Where we have added an extra link section in `uswid.ini`:

[uSWID-Link:gcc]
rel = compiler
href = swid:077b4576-92f7-52fd-94eb-af9fc3d52c58

Where `compiler.ini` looks something like:

[uSWID]
tag-id = 077b4576-92f7-52fd-94eb-af9fc3d52c58
software-name = gcc
software-version = 12.1.1
version-scheme = multipartnumeric

[uSWID-Entity:TagCreator]
name = Hughski Limited
regid = hughski.com

...or for several dependencies that have been included into the firmware:

[uSWID-Link:libpng]
rel = requires
href = swid:077b4576-92f7-52fd-94eb-af9fc3d52c58

[uSWID-Link:libjpeg]
rel = requires
href = swid:3aab57c3-5661-5731-800d-db5a7f0886c1

NOTE: The GUID can be constructed from the tool or library name combined with the version, e.g. using the [web tool on the LVFS](https://fwupd.org/lvfs/guid).

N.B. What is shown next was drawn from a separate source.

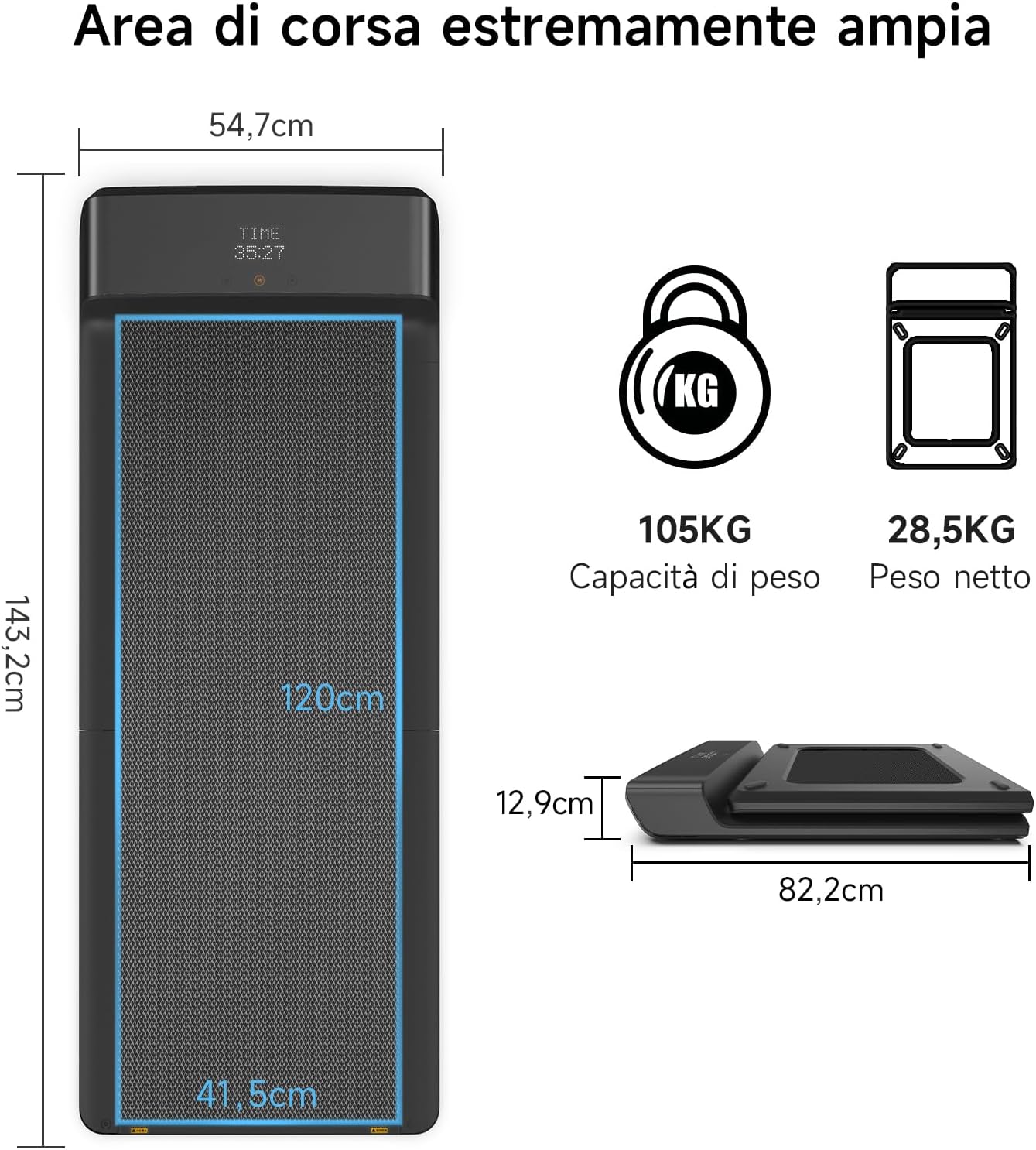 Tapis Roulant Pieghevole KingSmith WalkingPad A1 Pro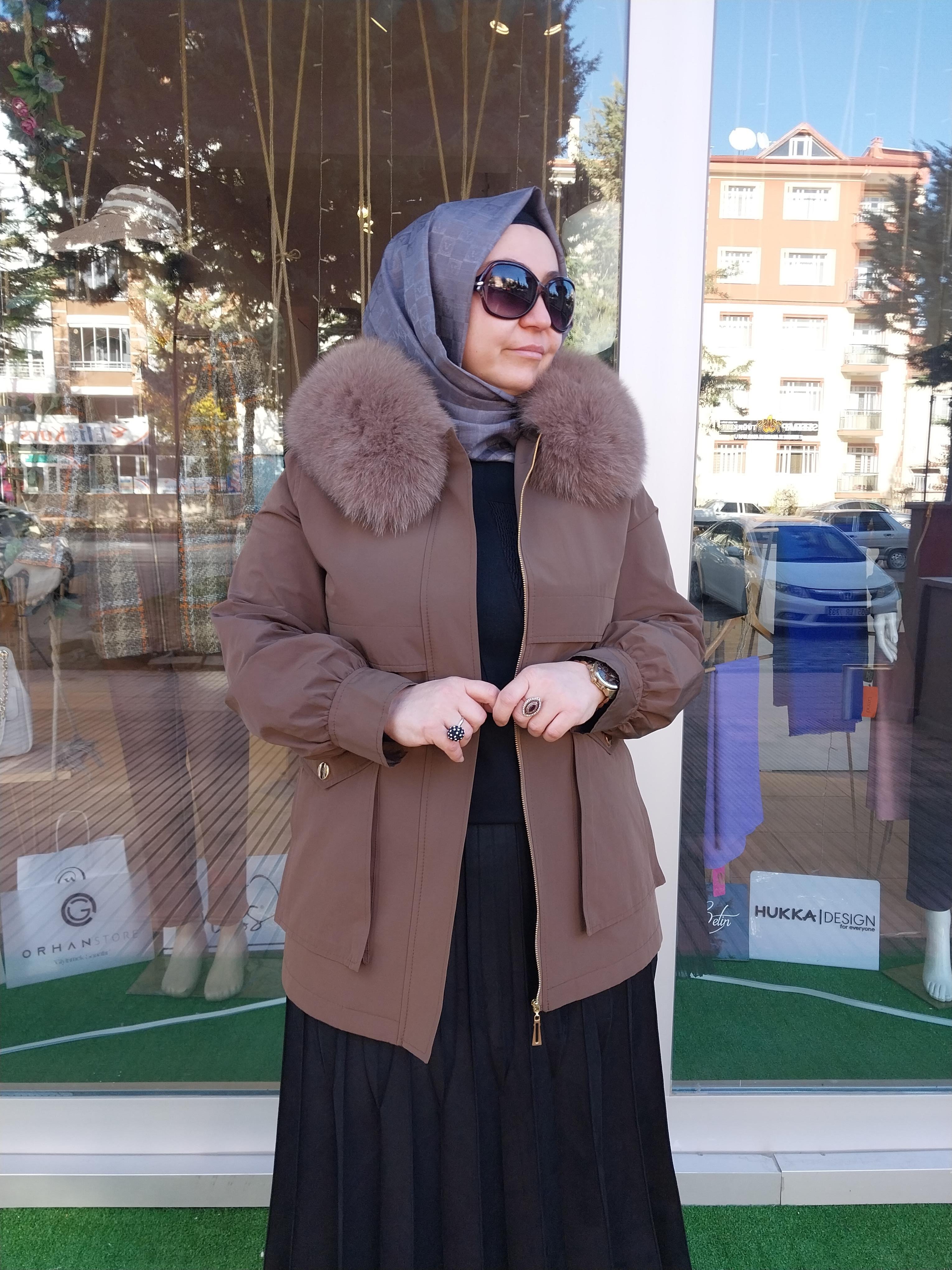 LİSA EXCLUSİVE KÜRKLÜ LAPİTİ KABAN VİZON 2051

...or, if a component has been previously defined, you can use the name to contruct the SWID automatically:

[uSWID-Link:image_loading_lib]
rel = requires
href = swid:libjpeg

Alternatively, we can tell the user where to find the installation package:

[uSWID-Link:src]
rel = installationmedia
href = https://github.com/intel/FSP/AmberLakeFspBinPkg

If the binary content is licensed in a permissive or open-source way it should be identified as such.
To do this, you can either use the SWID XML format:




Or the INI override format:

[uSWID-Link]
rel = license
href = https://spdx.org/licenses/LGPL-2.1-or-later.html

# Substituted Values

All text SBOM formats (e.g. CycloneDX, SPDX, SWID, but *not* coSWID) can use substitute values anywhere in the file.
For instance, `@VCS_TAG@` can be used to signify the last tagged version from git rather than hardcoding during the release process.

The supported values are given below:

## @VCS_TAG@

The semantic version of the last version control tag, for example `1.2.3`.

NOTE: Any prefixed or suffixed non-semantic version contents are also removed, so `v1.2.3->1.2.3` and `krb5-1.21.3-final->1.21.3`.

For git, generated using: `git describe --tags --abbrev=0`

## @VCS_VERSION@

The version control identifier that includes information about how far we are from the last commit.

For example `1.2.3-250-gfa2371946` when there have been 250 additional commits since the last tag or `1.2.3` in the case of no additional commits since the last tag.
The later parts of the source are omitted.